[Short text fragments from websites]
————————

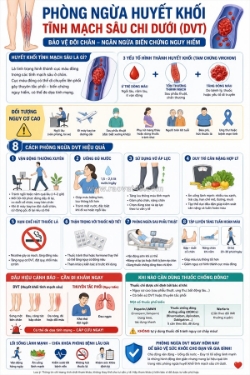 Tìm hiểu cách phòng ngừa huyết khối tĩnh mạch sâu chi dưới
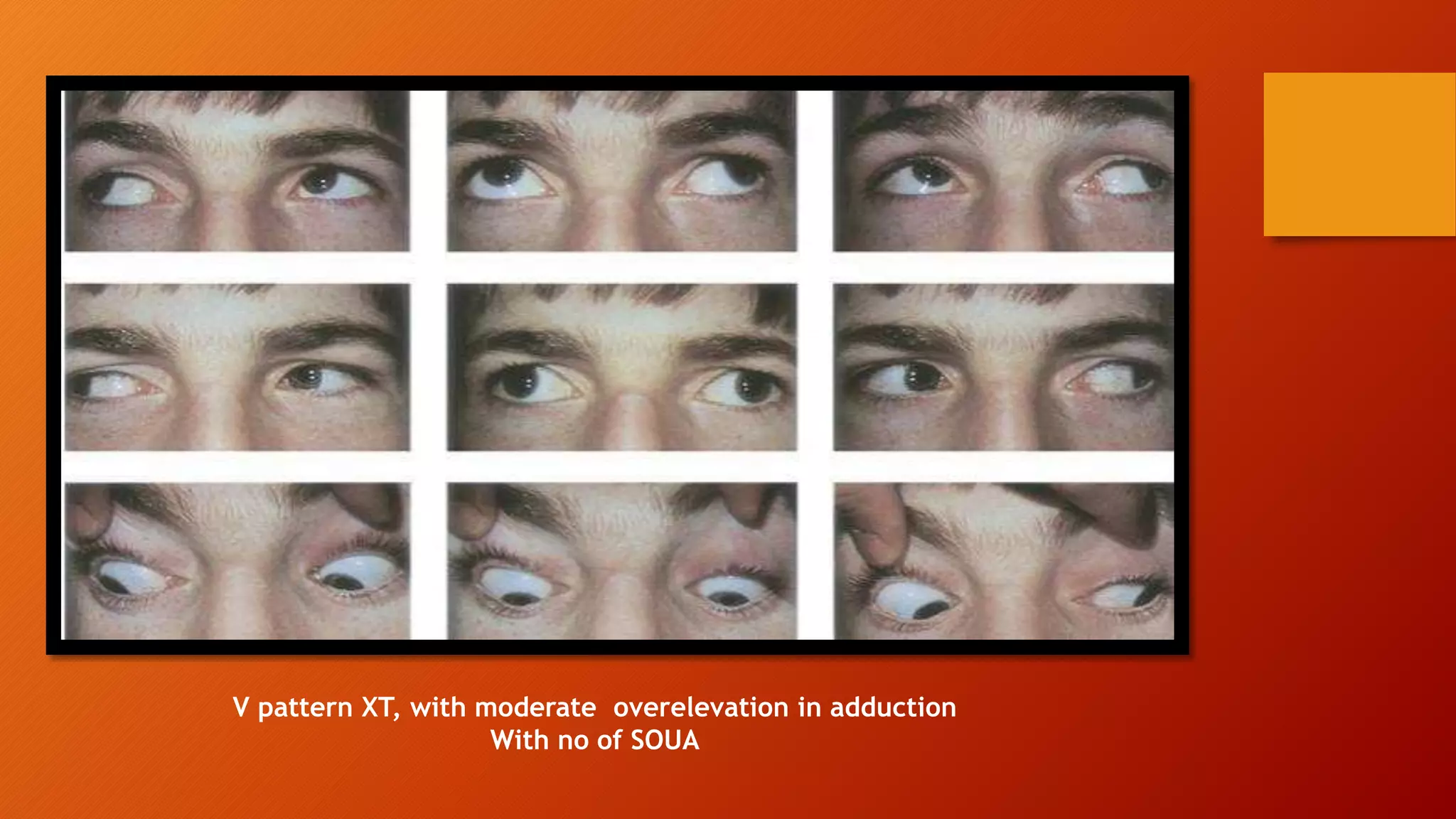 V pattern XT, with moderate overelevation in adduction
With no of SOUA
 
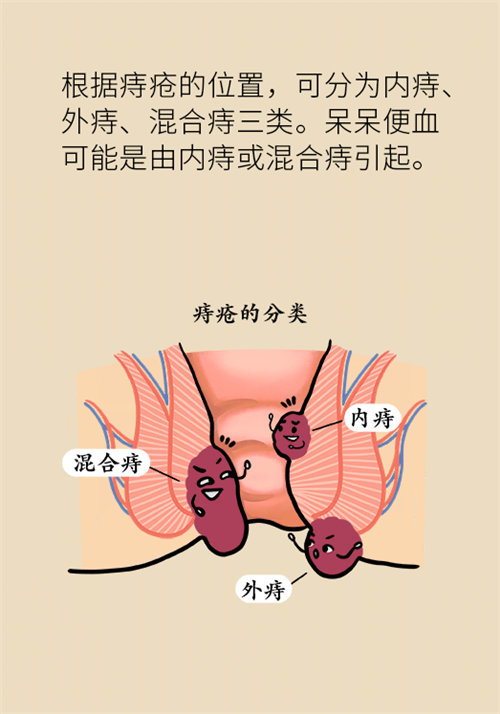 肛門腫脹還有血？小心痔瘡找上門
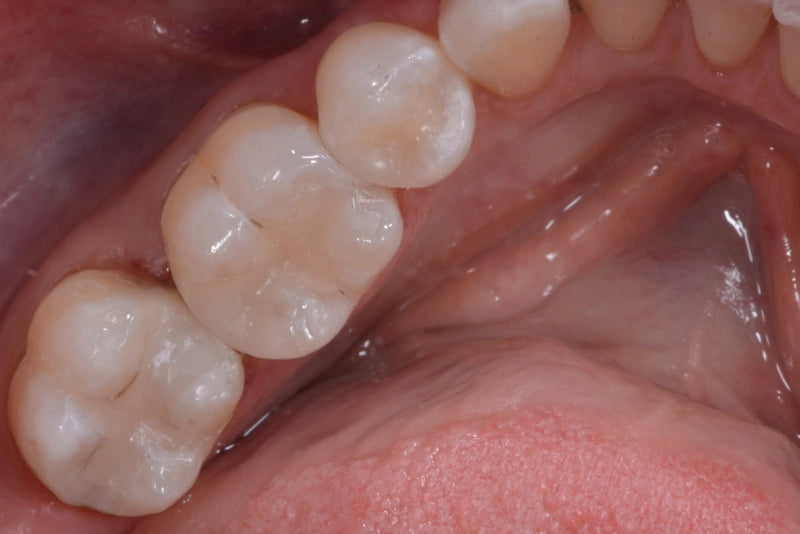 Posterior Class II Restoration After Dr Fred Peck uses Evanesce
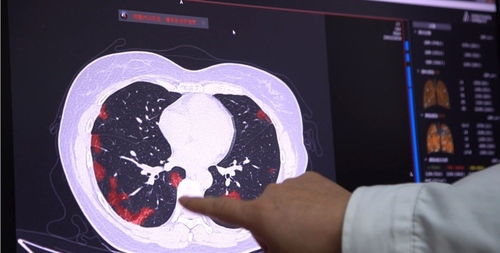 联影医疗智能CT进入上海社区医院,自动识别新冠肺炎危重患者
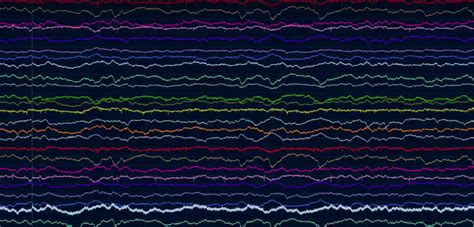 Elon Musk Thinks Neuralink Could Merge Humans With AI; Neuroscience ...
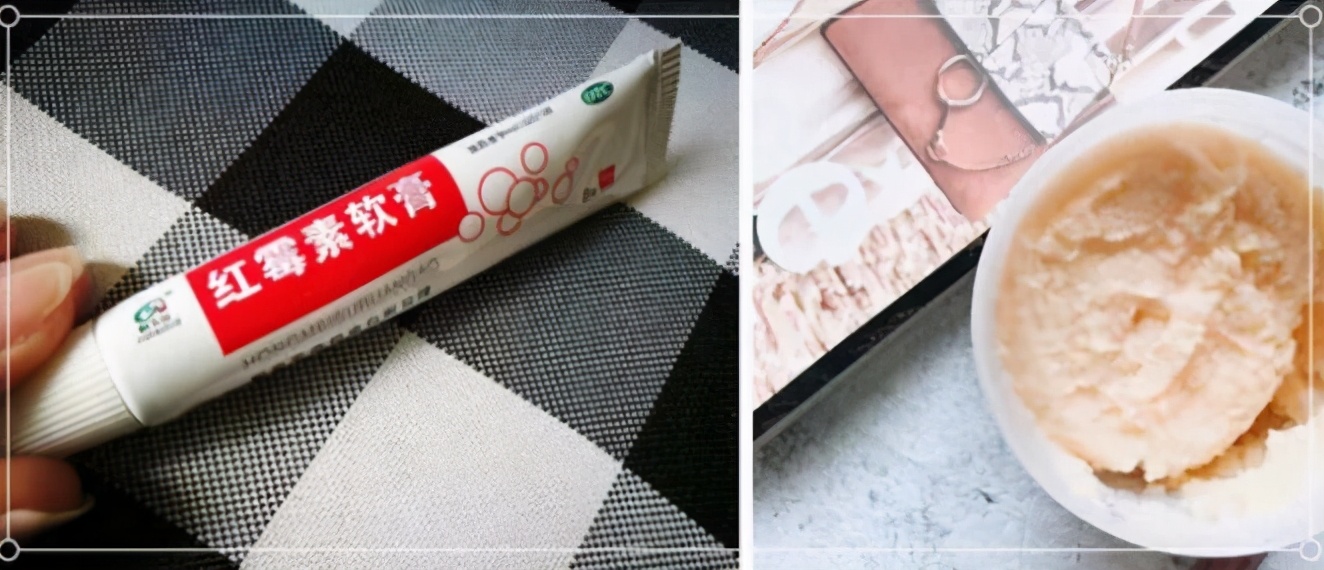 脸上有脂肪粒用什么方法去除,脸上脂肪粒最有效的方法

————————

Exercise =>
Go to the line with "Elon Musk Thinks" in the entries above. Reproduce that line and each one after it to the end, exactly and without the pictures.

Exercise response =>
 Elon Musk Thinks Neuralink Could Merge Humans With AI; Neuroscience ...
 脸上有脂肪粒用什么方法去除,脸上脂肪粒最有效的方法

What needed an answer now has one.